§ INSTRUCTIONS FOR THE TASK
An exact copy of the lines of the listing below between the "[DIOR-디올]30 몽테인 목걸이 N1713" line and the "Aukcja sprzedaży 2020" line, both included, is the whole answer; please omit the pictures.

** Opening DATASET ENTRIES block **

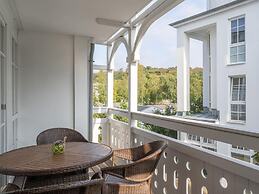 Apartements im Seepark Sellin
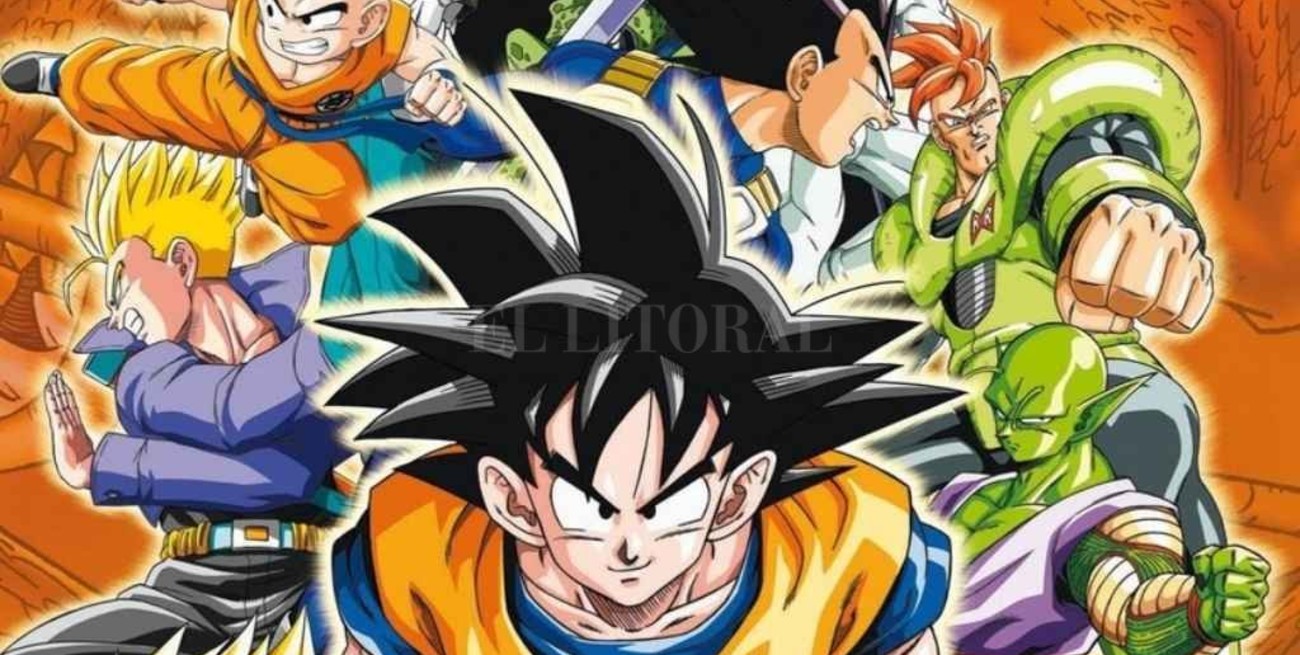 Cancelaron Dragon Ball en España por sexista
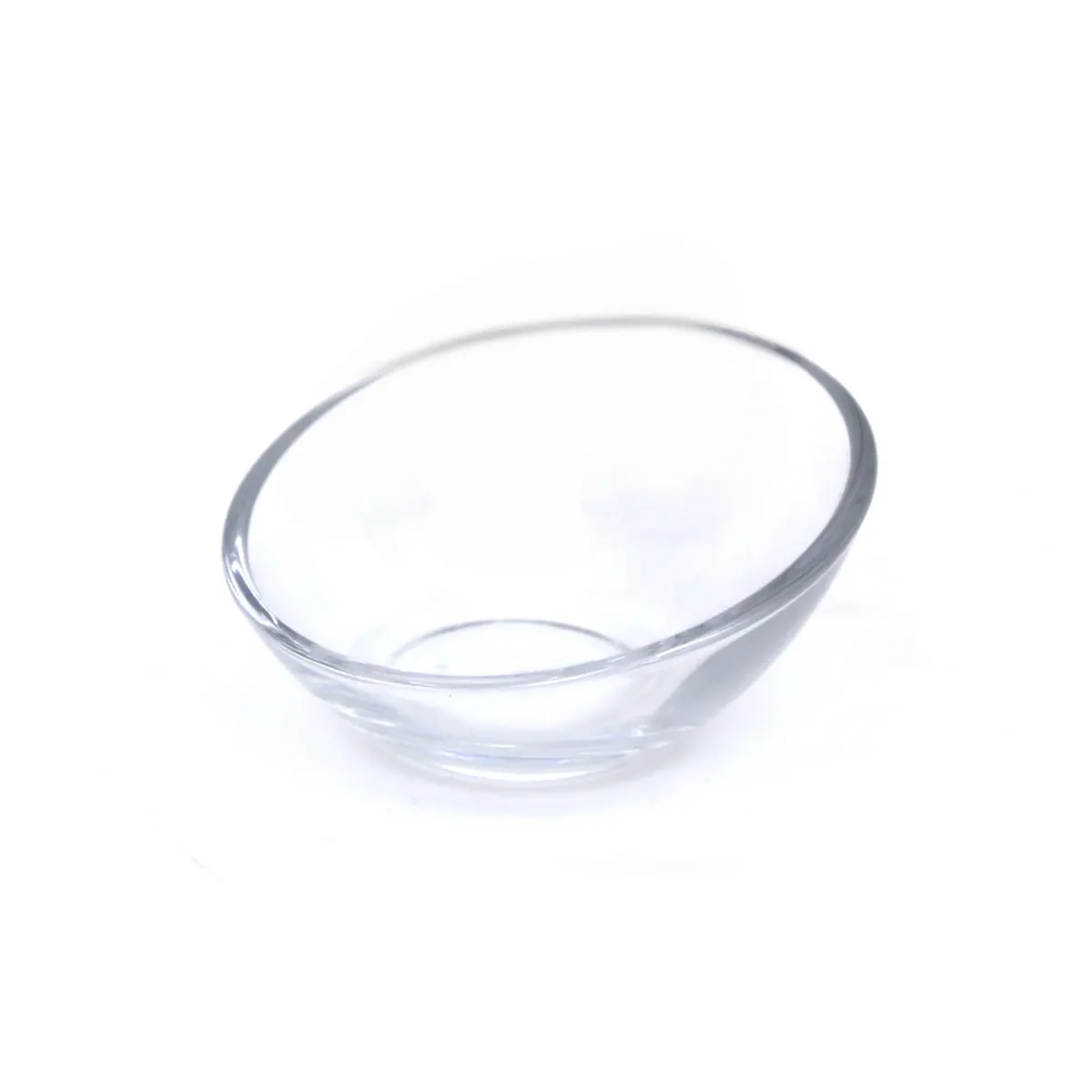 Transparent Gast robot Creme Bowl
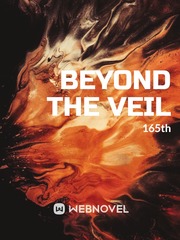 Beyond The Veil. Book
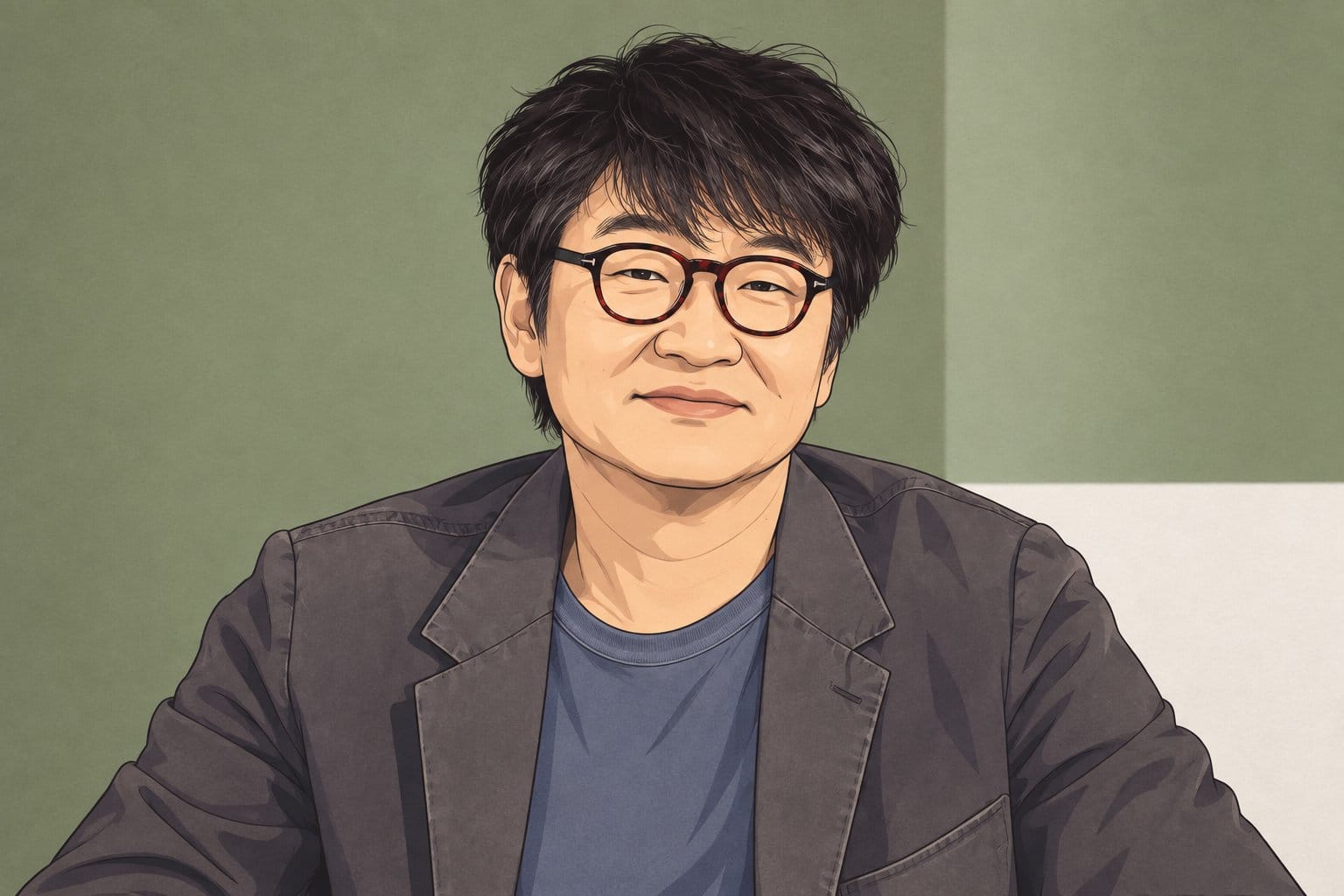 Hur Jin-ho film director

** Closing DATASET ENTRIES block **
** Opening DATASET ENTRIES block **

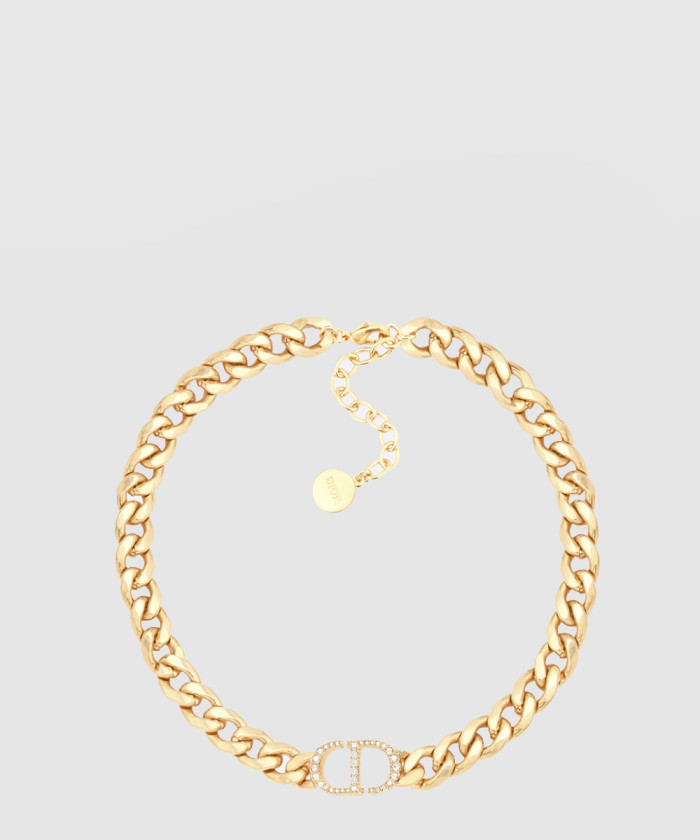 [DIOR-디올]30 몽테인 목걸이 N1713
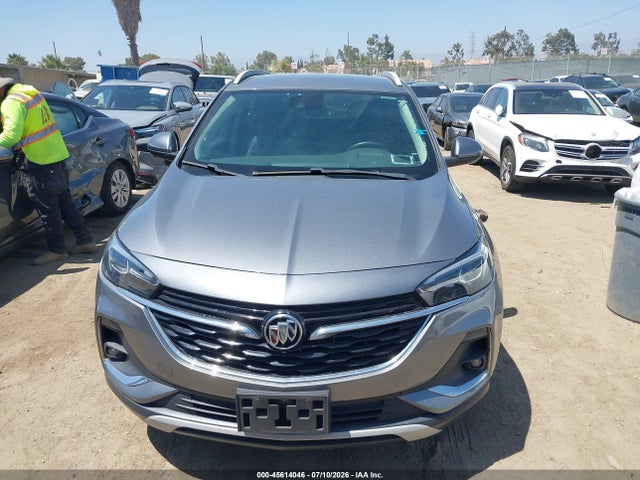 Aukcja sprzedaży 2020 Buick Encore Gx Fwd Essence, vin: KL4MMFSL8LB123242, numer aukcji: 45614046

** Closing DATASET ENTRIES block **

§ ANSWER SPACE
 [DIOR-디올]30 몽테인 목걸이 N1713
 Aukcja sprzedaży 2020 Buick Encore Gx Fwd Essence, vin: KL4MMFSL8LB123242, numer aukcji: 45614046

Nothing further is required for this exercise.